An unremittingly bleak thriller, it was the perfect vehicle to turn Schwarzenegger from jobbing B-movie actor into an A-list star attraction. Linda Hamilton - Cameron's future wife - played the renegade Sarah Connor while Michael Biehn was her desperate saviour, Kyle Reese.

The movie's release at a time when videos had turned from a novelty item into a household necessity ensured its cult following grew at an exponential rate in VHS form. As Cameron went off to make the sublime Aliens, everyone thought a sequel would be imminent by the late Eighties.

Alas, the rights to the movie proved a logistical nightmare and Cameron would spend months making The Abyss before Terminator 2: Judgment Day finally saw the light of day in 1991.

Despite costing about $100million more than its predecessor, basically the plot features more of the same.

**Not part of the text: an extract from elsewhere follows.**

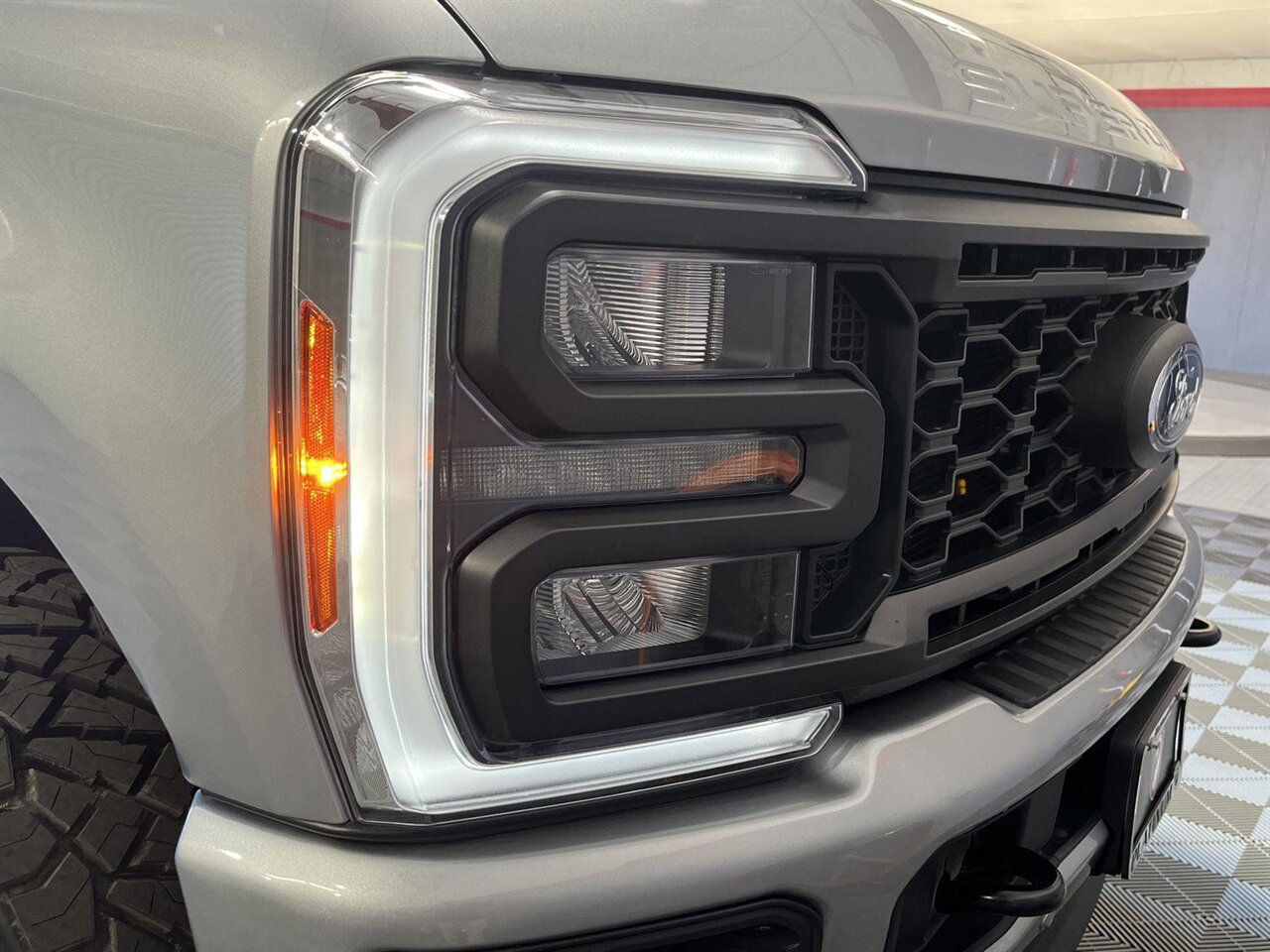 2024 Ford F-250 Super Duty Lariat Custom Lifted with 37's - Photo 24 - Victorville, CA 92392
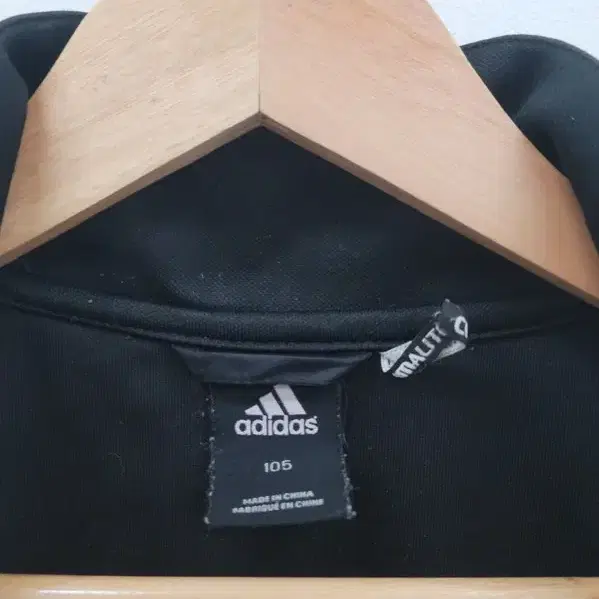 아디다스저지  Adidas 블랙 자켓 여 105 A519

The major twist is that Arnie plays the protector as a streamlined assassin - Robert Patrick - is sent to kill the 10-year-old John Connor while mum Sarah tries to kill the man who made the chip which created the villainous computer firm Skynet.

Still following?

Well, you don't need a degree in astrophysics to understand the plot. Just sit back and enjoy as Arnie brings the LA police force to their knees, a pumped- up Linda Hamilton gives the performance of a lifetime as the stressed-out mum and the visual effects wizards at Industrial Light and Magic create cinematic history with their mercurial villain.

Full marks also go to Stan Winston, the make-up guru who went on to breathe life into the Jurassic Park dinosaurs and create those beer-loving frogs in the smash adverts.

After T2 grossed well over $500million worldwide, needless to say there's been much talk about a third entry in the series. However, with Cameron taking a well-earned rest after his Titanic success, it could be 2001 before that sees the light of day.

Schwarzenegger is more than a little keen to reprise the role of the world's favourite cyborg and if his upcoming $100million thriller End of Days flops as badly as Batman and Robin and Jingle All The Way then its production may be a matter of financial necessity rather than personal preference.